* [TASK DIRECTIONS]:
Look in the listing below for the line that has "Juicy Couture Coral, Cream", then return it and each following line up to and including the one with "Adam Style 35.45", exactly and without pictures.

* [STORED DATA]:
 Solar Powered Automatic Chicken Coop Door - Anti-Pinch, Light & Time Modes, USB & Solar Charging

---

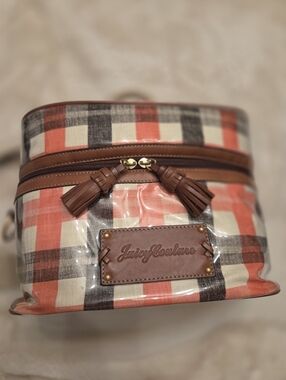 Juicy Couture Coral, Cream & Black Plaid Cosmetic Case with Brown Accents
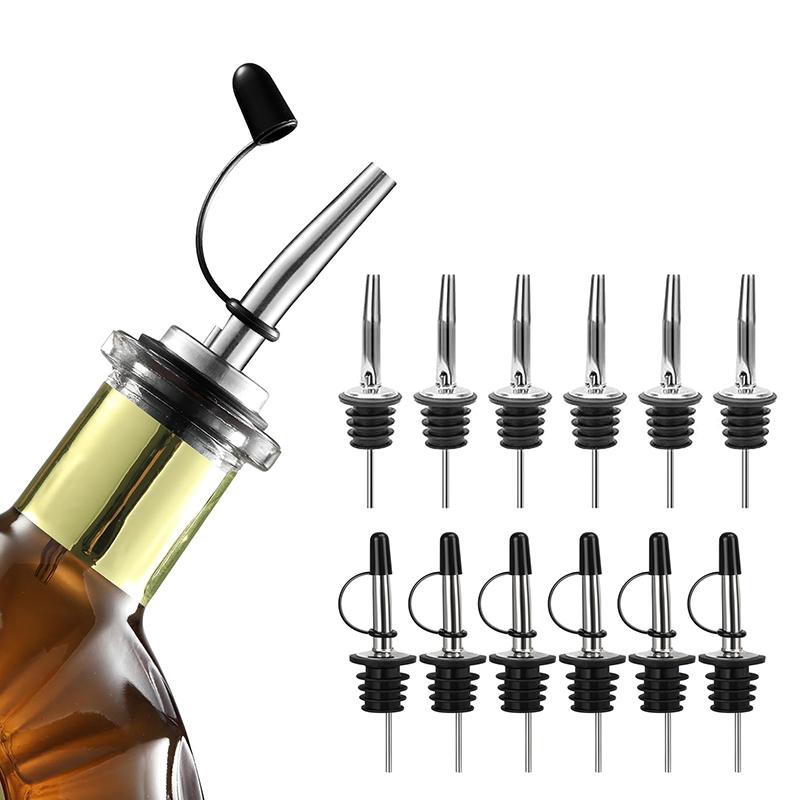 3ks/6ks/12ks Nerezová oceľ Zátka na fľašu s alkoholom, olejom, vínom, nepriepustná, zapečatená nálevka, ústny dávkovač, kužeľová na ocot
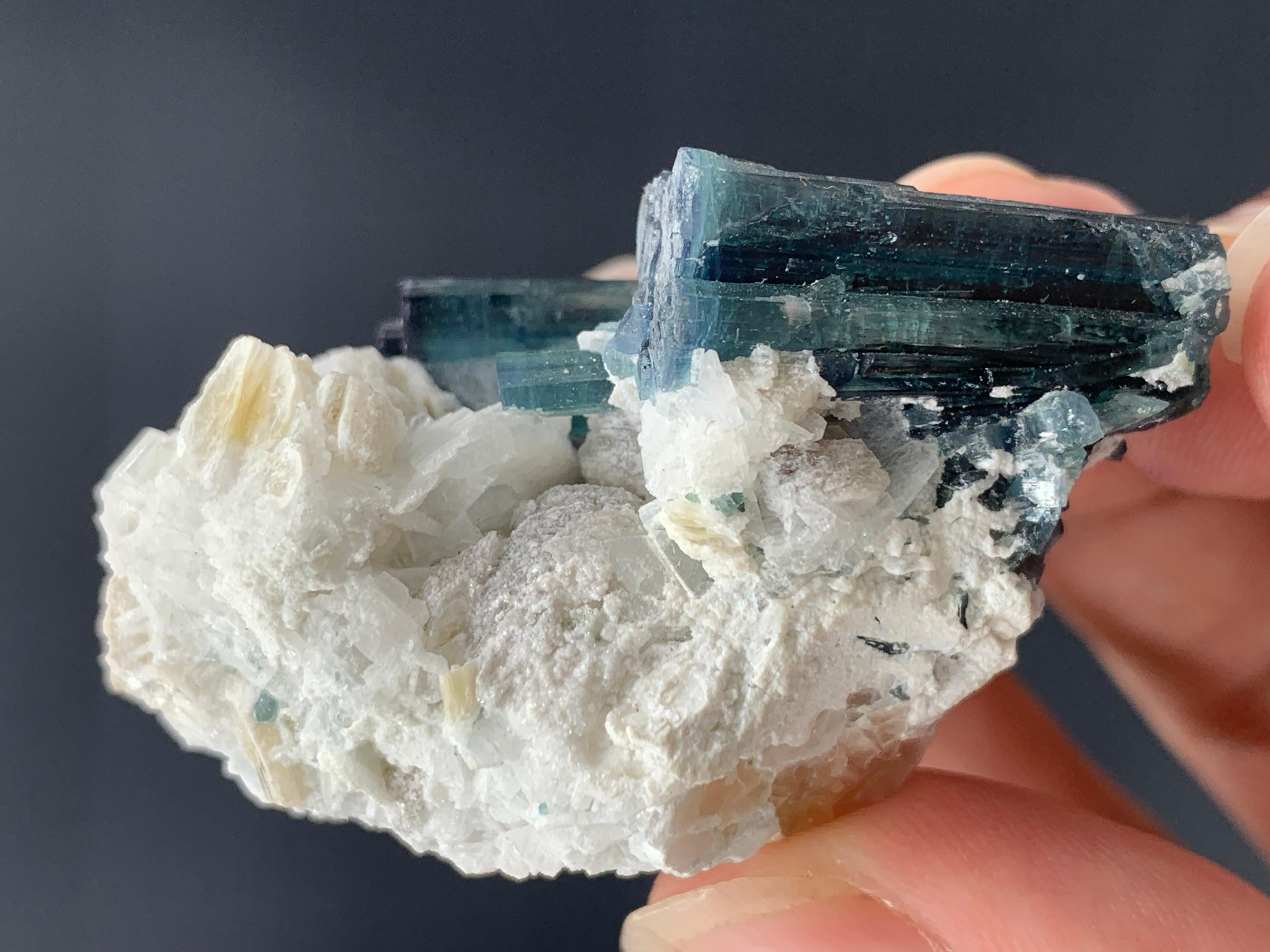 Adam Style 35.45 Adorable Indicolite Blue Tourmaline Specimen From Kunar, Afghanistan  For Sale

* [REPLY TO THE TASK]:
 Juicy Couture Coral, Cream & Black Plaid Cosmetic Case with Brown Accents
 3ks/6ks/12ks Nerezová oceľ Zátka na fľašu s alkoholom, olejom, vínom, nepriepustná, zapečatená nálevka, ústny dávkovač, kužeľová na ocot
 Adam Style 35.45 Adorable Indicolite Blue Tourmaline Specimen From Kunar, Afghanistan  For Sale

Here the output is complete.